Beyond strengthening women’s aspirations and skills, successful entrepreneurship programming also:

  • Tackles structural barriers by increasing access to market information and the digital economy
  • Increases women’s leadership and participation in the development of government policies
  • Co-develops gender-equitable financial products and services
  • Works alongside men and boys to challenge patriarchal social norms

What is CARE International doing to make entrepreneurship more accessible?

CARE International helps women gain access to basic financial services such as bank accounts and to business skills training. Combined with efforts to strengthen women’s economic decision-making power and develop a more supportive environment in both the household and the community, more women can start businesses, leading to financial independence.

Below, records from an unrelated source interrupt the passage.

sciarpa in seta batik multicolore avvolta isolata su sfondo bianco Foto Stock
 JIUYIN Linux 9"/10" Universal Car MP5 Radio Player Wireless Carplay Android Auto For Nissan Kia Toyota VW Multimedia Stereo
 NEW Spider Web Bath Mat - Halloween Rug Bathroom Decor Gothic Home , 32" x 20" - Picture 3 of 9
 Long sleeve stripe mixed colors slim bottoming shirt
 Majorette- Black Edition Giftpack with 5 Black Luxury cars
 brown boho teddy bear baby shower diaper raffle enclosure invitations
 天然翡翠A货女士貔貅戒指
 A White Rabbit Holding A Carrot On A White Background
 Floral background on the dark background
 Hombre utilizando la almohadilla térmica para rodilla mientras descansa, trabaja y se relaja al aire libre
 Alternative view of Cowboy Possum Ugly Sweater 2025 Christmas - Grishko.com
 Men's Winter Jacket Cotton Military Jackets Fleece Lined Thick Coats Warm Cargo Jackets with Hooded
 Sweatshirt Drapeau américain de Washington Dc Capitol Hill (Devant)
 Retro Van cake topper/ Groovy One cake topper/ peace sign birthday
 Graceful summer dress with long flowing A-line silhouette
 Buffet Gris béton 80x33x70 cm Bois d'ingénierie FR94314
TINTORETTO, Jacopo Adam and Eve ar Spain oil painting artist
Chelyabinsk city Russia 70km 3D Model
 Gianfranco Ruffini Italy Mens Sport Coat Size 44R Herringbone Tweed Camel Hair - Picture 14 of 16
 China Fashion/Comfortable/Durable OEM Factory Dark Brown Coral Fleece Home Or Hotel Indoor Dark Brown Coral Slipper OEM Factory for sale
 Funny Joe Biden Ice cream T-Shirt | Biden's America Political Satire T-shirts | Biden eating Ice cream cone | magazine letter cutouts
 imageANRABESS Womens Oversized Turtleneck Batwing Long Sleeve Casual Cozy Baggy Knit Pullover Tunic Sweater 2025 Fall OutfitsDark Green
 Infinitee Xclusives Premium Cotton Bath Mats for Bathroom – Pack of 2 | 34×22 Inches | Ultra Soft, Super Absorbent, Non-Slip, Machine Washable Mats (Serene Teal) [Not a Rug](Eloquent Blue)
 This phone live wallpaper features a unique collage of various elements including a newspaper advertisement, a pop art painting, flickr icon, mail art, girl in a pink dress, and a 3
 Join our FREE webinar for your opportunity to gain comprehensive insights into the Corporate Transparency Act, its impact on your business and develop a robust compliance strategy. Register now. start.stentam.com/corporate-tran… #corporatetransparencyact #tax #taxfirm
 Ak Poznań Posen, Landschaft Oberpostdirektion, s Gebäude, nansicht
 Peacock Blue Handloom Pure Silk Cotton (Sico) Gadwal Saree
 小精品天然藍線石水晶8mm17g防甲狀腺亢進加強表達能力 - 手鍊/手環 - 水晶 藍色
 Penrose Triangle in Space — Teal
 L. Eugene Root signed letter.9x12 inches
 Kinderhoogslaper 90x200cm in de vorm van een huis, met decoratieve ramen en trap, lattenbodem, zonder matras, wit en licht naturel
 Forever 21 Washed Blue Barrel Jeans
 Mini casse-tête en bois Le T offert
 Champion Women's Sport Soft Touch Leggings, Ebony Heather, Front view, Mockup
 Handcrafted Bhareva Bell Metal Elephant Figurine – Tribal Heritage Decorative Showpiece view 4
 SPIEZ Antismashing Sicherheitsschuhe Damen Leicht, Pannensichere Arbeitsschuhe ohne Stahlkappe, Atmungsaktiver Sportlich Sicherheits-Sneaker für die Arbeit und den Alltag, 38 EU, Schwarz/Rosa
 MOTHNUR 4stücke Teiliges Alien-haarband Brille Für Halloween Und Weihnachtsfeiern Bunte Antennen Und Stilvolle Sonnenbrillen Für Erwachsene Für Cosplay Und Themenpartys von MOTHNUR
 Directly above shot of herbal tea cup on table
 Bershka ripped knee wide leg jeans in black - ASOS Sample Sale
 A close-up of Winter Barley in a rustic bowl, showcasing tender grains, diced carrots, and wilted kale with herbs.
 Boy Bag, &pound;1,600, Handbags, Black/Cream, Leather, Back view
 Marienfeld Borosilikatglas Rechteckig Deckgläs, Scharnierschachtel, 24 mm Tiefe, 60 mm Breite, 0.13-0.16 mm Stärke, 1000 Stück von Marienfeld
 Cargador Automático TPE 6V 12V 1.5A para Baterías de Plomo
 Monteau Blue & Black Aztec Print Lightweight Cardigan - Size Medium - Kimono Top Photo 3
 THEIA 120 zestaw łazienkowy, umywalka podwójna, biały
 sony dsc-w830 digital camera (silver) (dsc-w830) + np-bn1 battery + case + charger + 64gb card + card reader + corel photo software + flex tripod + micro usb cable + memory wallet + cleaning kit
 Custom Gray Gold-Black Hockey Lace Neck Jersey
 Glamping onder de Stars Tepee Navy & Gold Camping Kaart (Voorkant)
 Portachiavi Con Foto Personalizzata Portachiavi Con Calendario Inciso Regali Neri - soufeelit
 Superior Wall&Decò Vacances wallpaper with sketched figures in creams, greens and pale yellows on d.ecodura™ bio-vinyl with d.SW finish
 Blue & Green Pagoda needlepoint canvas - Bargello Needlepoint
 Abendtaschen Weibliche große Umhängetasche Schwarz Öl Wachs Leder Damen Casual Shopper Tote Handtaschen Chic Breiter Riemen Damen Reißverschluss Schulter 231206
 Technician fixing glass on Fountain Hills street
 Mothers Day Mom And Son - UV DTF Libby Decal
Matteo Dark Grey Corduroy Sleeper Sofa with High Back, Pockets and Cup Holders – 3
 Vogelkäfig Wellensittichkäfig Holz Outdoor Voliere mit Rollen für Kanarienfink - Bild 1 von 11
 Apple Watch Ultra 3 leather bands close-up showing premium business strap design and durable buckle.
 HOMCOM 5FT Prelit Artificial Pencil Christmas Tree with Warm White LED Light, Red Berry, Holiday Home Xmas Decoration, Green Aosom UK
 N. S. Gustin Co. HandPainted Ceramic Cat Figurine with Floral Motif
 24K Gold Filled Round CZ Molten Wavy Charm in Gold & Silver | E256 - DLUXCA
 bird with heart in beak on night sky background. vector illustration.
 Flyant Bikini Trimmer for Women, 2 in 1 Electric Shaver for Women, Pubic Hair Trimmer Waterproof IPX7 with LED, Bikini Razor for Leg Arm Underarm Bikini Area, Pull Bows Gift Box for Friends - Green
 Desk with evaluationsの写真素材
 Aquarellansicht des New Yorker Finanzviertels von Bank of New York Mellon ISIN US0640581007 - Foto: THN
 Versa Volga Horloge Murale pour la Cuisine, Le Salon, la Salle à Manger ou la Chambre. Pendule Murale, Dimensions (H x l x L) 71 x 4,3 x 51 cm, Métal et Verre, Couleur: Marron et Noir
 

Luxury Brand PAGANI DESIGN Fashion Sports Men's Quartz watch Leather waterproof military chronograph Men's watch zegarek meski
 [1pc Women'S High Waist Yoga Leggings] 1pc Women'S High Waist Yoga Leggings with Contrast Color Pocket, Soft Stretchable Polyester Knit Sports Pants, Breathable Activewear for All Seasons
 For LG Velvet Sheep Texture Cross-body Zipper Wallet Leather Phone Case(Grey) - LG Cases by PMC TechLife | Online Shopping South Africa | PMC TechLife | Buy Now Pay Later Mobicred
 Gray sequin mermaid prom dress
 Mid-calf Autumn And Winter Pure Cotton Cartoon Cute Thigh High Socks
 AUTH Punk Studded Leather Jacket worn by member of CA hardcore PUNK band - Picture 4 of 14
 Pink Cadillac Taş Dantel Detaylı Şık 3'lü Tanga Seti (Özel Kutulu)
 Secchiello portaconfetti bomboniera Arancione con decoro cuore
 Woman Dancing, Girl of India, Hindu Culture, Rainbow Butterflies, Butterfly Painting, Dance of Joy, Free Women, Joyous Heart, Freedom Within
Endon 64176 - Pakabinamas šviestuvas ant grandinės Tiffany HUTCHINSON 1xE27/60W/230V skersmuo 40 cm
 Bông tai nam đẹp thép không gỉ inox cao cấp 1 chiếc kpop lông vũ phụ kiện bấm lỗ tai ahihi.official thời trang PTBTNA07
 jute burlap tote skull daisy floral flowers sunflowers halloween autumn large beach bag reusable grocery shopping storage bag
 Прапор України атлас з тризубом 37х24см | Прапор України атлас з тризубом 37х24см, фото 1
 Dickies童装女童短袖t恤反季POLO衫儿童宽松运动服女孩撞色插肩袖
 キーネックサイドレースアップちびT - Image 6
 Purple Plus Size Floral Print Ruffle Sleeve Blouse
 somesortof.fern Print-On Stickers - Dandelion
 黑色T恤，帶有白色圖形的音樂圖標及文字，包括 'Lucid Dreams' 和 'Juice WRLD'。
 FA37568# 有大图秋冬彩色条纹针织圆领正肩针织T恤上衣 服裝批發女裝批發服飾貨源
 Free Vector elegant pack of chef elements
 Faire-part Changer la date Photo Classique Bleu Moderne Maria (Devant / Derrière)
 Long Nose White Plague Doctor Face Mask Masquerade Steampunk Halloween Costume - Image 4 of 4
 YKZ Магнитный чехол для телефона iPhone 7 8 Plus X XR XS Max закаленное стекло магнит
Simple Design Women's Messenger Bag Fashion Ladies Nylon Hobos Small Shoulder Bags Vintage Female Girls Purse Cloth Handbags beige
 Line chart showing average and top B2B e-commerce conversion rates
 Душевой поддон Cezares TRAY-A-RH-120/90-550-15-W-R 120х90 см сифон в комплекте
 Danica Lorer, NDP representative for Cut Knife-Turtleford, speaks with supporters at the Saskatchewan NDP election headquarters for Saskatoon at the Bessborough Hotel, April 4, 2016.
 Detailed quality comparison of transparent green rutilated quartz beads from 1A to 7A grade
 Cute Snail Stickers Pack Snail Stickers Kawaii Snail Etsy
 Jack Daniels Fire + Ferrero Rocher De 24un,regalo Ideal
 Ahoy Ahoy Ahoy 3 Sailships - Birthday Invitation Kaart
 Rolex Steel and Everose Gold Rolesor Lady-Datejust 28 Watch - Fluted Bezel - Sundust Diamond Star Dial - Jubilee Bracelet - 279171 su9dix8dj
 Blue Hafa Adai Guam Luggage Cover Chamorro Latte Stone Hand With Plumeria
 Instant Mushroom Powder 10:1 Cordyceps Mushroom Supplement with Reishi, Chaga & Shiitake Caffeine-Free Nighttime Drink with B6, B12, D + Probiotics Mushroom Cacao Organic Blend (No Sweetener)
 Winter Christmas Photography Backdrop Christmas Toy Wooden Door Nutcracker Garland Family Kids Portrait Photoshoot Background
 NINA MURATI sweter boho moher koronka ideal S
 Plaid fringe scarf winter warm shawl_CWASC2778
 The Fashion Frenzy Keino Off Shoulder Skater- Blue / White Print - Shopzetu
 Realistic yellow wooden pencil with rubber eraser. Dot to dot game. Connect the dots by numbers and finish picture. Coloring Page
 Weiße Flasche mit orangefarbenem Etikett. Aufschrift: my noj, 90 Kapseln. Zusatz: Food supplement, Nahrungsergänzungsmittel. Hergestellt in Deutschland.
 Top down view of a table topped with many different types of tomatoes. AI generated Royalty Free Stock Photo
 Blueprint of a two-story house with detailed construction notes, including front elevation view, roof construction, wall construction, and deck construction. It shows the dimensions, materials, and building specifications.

In Jordan, CARE International is helping to provide vocational training and small loans to vulnerable young Jordanian women and men so that they can start their own business.

Text that reads "H&M Foundation in partnership with CARE" over an image of someone writing in a notebook. Play video

Bedryyah, a Syrian refugee who lives in Jordan, now has her own catering business thanks to the Women in Enterprise program.

CARE International’s Women in Enterprise program, in partnership with the H&M Foundation, a global program to support women from poor communities to be entrepreneurs. One member, Narcisa Cruz Sosa, is from Chulucanas in the north of Peru and makes artisanal ceramics. In 2008, she set up her own association for women artisans. She said, “We started out with eight women and now we just keep on growing.”

Narcisa is now President of the Consortium of Women Entrepreneurs of Piura which represents 21 associations of women entrepreneurs, with over 300 members.

CARE International has supported the association with business and soft skills training, to register a collective brand, enabling them to strengthen their collective reach and income, and has also linked the association with local and regional government fairs and events.

Through the Women in Enterprise program, CARE has supported nearly 270,000 women entrepreneurs in 11 countries, with women seeing an average increase in daily enterprise earnings of 91%.